A neurocirurgia, de alta complexidade, foi realizada com o auxílio de mapeamento cerebral e técnicas endoscópicas avançadas, um verdadeiro, "GPS cerebral," que permite localizar estruturas com precisão. Menos invasivo, mais preciso e com mais segurança para o paciente.
Conforme explica o médico neurocirurgião, Richard Giacomelli, o caso é bastante desafiador na neurocirurgia e também na medicina. "Historicamente tumores deste porte exigem cirurgias abertas com incisões faciais amplas, maior morbidade e risco de ressecção incompleta. Neste caso, foi realizada uma abordagem endoscópica minimamente invasiva multiporal, combinando acessos endonasal, maxilar anterior e precaruncular, permitindo ampla exposição com menor agressividade e maior ressecabilidade segura."
O procedimento teve duração superior a 20 horas, refletindo a complexidade e o nível de precisão envolvidos, onde foram empregados recursos tecnológicos de alta precisão. O procedimento também contou com a participação do neurocirurgião Guilherme Gago – gaúcho, mas também atua no Canadá. "Esse é o caso de um paciente jovem com um tumor que a tem a origem dentro do nariz e que se estende para a base do crânio que invade as cavidades orbitais bilateralmente", explica.
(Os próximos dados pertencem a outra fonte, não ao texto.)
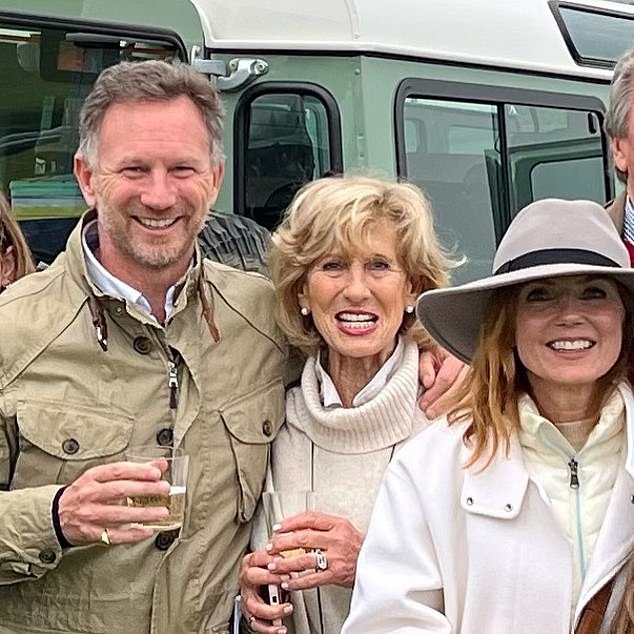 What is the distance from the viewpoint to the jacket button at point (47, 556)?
2584 mm

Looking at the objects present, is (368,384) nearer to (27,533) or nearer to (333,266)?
(333,266)

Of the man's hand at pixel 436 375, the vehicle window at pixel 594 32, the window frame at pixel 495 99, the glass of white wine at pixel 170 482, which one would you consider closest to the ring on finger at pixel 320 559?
the glass of white wine at pixel 170 482

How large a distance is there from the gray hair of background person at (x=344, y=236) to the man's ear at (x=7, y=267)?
3.11 ft

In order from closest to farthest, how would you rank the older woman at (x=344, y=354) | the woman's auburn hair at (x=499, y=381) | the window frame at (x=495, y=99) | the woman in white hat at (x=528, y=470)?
the woman in white hat at (x=528, y=470) < the woman's auburn hair at (x=499, y=381) < the older woman at (x=344, y=354) < the window frame at (x=495, y=99)

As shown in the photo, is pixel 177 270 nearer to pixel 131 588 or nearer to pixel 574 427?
pixel 131 588

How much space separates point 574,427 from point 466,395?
0.75 ft

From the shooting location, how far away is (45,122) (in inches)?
169

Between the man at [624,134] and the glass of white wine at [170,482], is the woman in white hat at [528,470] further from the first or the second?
the man at [624,134]

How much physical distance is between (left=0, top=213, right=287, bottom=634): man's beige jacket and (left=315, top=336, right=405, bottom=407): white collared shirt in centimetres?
16

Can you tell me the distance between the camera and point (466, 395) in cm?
256

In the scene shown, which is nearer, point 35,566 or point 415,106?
point 35,566

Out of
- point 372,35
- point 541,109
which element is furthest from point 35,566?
point 541,109

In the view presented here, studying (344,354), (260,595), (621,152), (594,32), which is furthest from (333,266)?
(594,32)

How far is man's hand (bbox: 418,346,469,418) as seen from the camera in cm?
292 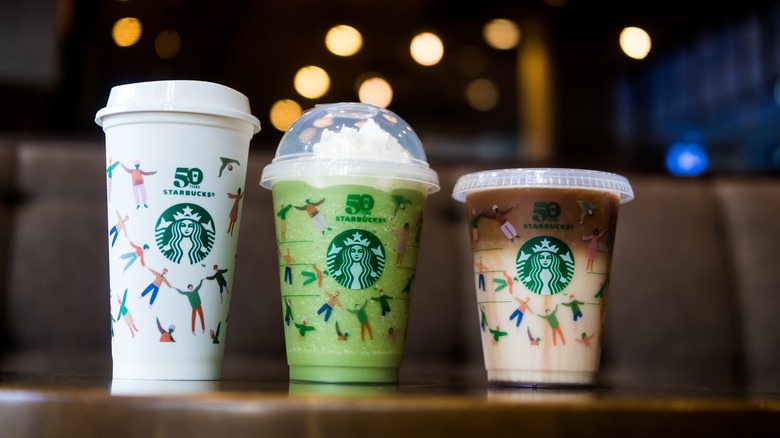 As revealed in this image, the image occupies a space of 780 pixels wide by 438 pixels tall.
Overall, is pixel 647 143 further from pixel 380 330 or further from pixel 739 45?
pixel 380 330

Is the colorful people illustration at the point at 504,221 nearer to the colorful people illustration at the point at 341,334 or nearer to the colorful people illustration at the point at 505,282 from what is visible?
the colorful people illustration at the point at 505,282

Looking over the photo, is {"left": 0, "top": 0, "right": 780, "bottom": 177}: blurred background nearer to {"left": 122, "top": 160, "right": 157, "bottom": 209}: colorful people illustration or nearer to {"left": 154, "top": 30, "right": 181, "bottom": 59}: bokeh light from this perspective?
{"left": 154, "top": 30, "right": 181, "bottom": 59}: bokeh light

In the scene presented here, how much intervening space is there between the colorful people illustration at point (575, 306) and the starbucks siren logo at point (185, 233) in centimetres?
37

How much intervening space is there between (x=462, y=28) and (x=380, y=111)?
4.99 meters

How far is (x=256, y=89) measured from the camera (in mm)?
A: 5129

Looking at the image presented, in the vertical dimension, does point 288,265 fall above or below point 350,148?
below

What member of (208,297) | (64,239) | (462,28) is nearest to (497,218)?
(208,297)

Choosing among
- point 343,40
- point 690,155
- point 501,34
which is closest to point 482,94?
point 501,34

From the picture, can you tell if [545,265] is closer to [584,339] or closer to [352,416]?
[584,339]

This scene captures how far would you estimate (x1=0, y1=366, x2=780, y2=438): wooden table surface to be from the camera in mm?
452

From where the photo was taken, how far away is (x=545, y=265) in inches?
31.6

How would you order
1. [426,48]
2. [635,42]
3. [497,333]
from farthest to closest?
[426,48] < [635,42] < [497,333]

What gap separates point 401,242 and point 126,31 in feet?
9.02

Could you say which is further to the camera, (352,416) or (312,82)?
(312,82) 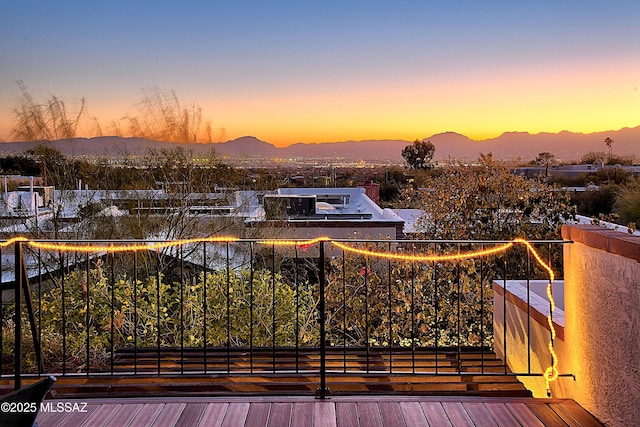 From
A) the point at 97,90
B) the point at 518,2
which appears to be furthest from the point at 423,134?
the point at 97,90

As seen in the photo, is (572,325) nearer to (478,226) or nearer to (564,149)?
(478,226)

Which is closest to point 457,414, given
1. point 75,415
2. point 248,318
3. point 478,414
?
point 478,414

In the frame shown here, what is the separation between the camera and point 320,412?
3338 millimetres

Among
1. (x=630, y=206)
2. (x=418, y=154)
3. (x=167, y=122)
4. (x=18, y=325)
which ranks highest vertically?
(x=167, y=122)

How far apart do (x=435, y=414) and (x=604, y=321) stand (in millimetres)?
1067

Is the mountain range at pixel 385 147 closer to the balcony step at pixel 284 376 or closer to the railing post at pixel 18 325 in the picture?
the balcony step at pixel 284 376

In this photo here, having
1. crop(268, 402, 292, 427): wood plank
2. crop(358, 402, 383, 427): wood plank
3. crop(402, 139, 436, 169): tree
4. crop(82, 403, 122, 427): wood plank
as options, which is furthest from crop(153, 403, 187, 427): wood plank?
crop(402, 139, 436, 169): tree

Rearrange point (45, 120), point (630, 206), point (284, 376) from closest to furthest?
point (284, 376)
point (630, 206)
point (45, 120)

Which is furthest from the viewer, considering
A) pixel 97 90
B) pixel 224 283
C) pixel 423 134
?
pixel 423 134

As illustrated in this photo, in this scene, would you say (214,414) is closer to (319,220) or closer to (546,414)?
(546,414)

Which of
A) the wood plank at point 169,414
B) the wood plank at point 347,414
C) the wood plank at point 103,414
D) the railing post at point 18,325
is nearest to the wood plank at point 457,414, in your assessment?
the wood plank at point 347,414

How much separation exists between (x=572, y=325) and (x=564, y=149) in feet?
52.2

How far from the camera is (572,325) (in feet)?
11.6

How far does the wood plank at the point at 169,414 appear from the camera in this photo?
318 centimetres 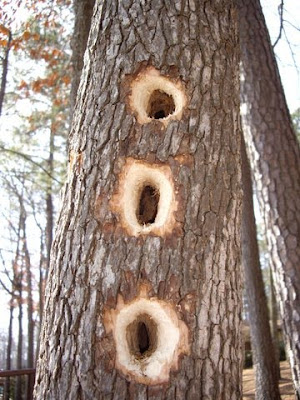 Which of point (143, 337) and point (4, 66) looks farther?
point (4, 66)

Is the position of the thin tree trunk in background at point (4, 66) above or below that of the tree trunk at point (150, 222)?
above

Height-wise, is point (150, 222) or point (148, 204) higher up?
point (148, 204)

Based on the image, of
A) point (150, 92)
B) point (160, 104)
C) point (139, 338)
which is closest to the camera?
point (139, 338)

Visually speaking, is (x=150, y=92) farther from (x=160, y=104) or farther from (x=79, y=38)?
(x=79, y=38)

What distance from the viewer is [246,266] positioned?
21.5 feet

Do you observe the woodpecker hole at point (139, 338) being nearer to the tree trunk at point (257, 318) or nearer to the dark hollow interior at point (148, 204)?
the dark hollow interior at point (148, 204)

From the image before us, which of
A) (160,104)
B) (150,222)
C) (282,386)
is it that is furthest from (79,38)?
(282,386)

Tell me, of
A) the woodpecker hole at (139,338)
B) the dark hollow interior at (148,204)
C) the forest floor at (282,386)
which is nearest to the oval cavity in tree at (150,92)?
the dark hollow interior at (148,204)

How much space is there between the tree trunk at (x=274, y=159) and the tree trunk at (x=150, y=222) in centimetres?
207

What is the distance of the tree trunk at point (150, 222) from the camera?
5.49 ft

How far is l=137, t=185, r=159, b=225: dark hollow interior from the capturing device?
202 centimetres

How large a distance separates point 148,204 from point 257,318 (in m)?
5.06

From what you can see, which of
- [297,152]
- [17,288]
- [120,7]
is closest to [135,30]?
[120,7]

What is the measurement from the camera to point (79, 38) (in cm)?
475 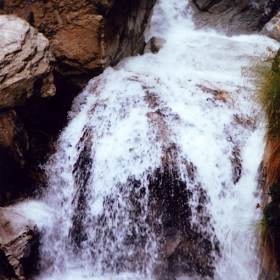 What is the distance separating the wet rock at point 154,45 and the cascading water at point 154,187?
1571mm

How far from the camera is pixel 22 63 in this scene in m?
4.30

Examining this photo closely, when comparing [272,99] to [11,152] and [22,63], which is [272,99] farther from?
[11,152]

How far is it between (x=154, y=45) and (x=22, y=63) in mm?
3112

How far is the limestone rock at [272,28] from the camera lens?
24.2 ft

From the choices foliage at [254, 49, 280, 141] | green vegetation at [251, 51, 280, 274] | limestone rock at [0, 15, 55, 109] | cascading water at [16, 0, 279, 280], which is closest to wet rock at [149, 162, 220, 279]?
cascading water at [16, 0, 279, 280]

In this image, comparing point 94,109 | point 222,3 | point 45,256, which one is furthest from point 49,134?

Para este caso, segundo o neurocirurgião, foi proposta uma cirurgia endoscópica multiporal. "Ou seja, além de usar a cavidade nasal, nós usamos também uma incisão na gengiva e, ao mesmo tempo, usamos um outro portal através da órbita em um dos lados que nos permite ressecar o tumor extremamente volumoso de uma maneira menos invasiva e mais segura."
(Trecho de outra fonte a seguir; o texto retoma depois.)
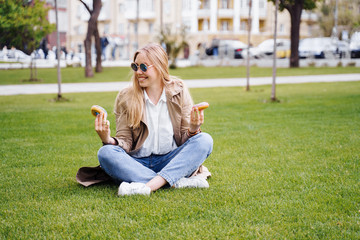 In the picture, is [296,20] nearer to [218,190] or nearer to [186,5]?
[218,190]

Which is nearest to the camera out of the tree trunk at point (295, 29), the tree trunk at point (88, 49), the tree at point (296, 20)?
the tree trunk at point (88, 49)

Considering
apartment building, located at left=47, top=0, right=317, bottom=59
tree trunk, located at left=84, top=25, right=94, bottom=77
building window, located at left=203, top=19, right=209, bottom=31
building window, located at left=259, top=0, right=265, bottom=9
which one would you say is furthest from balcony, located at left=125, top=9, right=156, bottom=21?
tree trunk, located at left=84, top=25, right=94, bottom=77

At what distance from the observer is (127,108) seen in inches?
144

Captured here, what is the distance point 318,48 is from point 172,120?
26.6m

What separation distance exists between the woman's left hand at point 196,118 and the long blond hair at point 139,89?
42 cm

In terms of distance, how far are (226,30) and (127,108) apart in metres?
47.0

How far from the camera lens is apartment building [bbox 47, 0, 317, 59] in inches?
1885

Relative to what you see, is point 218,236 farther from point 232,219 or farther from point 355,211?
point 355,211

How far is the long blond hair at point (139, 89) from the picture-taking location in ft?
11.8

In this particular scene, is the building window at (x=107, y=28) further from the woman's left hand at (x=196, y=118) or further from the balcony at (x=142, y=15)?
the woman's left hand at (x=196, y=118)

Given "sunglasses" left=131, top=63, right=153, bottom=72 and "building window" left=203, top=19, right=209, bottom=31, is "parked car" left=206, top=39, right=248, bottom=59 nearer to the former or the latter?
"building window" left=203, top=19, right=209, bottom=31

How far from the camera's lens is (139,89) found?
3.74 meters

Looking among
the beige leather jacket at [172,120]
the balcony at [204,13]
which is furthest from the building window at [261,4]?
the beige leather jacket at [172,120]

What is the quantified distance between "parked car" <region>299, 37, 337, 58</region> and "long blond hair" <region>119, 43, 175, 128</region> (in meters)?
25.4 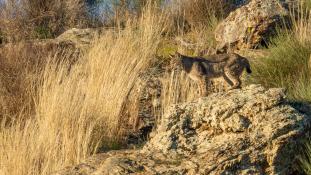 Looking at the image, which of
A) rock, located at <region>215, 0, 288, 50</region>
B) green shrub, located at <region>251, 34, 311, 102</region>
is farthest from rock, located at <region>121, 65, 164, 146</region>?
rock, located at <region>215, 0, 288, 50</region>

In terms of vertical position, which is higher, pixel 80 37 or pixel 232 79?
pixel 80 37

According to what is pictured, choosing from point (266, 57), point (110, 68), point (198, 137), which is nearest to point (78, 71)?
point (110, 68)

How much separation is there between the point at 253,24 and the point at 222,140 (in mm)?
4759

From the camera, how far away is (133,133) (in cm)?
596

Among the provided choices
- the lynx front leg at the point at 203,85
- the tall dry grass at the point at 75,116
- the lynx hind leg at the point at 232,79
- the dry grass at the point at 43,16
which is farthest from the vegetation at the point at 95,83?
the dry grass at the point at 43,16

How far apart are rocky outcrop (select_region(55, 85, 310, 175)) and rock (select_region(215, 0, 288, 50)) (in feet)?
13.8

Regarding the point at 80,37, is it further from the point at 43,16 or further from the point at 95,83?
the point at 95,83

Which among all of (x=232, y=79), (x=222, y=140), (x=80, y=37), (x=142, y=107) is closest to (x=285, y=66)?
(x=232, y=79)

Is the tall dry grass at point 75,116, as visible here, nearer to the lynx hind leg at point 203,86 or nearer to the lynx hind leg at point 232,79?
the lynx hind leg at point 203,86

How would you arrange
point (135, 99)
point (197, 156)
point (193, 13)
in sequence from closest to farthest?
1. point (197, 156)
2. point (135, 99)
3. point (193, 13)

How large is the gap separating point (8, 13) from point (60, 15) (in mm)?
1094

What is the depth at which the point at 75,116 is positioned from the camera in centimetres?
590

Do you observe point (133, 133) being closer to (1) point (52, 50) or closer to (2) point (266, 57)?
(2) point (266, 57)

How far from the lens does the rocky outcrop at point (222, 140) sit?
3.78 metres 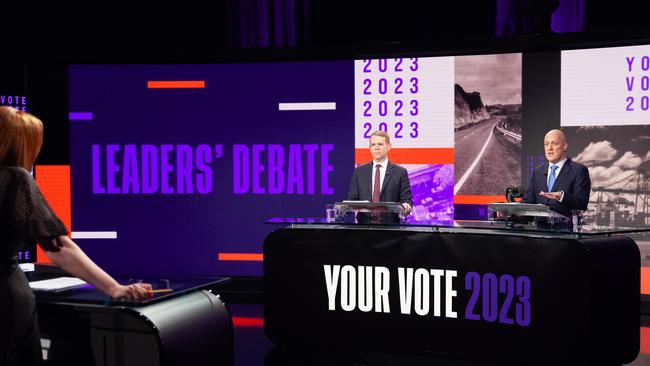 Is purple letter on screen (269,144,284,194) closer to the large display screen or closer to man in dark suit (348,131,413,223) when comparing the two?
the large display screen

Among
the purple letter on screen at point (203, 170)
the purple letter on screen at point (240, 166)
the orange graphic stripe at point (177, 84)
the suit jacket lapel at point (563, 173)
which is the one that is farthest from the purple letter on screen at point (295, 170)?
the suit jacket lapel at point (563, 173)

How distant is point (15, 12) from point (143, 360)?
5730 millimetres

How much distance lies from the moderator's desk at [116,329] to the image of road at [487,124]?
4096 millimetres

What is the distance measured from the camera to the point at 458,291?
3.73m

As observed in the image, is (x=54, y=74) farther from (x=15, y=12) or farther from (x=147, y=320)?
(x=147, y=320)

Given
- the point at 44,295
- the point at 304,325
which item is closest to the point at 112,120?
the point at 304,325

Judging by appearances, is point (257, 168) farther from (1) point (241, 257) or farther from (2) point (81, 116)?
(2) point (81, 116)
Para agregar especialidade à equipe multidisciplinar, o médico otorrinolaringologista da Unimed Vale do Sinos, Rodrigo Beilke, também participou do procedimento e explica a importância da equipe multidisciplinar. "A abordagem multidisciplinar é muito importante e nós temos a função de ajudá-los a fazer o acesso e junto nas referências com vídeo", explica. "Tendo essa equipe multidisciplinar no nosso Complexo Hospitalar, a gente consegue ter todas as tecnologias que grandes hospitais do Brasil e do mundo têm, por isso conseguimos receber esses casos complexos e realizar os procedimentos aqui na região", completa.
Após a retirada completa do tumor foi ainda realizada a reconstrução da base do crânio com enxerto de fáscia e gordura autóloga, restabelecendo a barreira anatômica e garantindo segurança. O resultado reforça que, diante de desafios extremos, a excelência médica é construída de forma coletiva. Casos como este só são possíveis graças à atuação integrada de uma equipe altamente especializada, planejamento minucioso e tecnologia de ponta — sempre com o mesmo propósito: oferecer o melhor cuidado ao paciente com maior precisão, menor morbidade e melhores desfechos.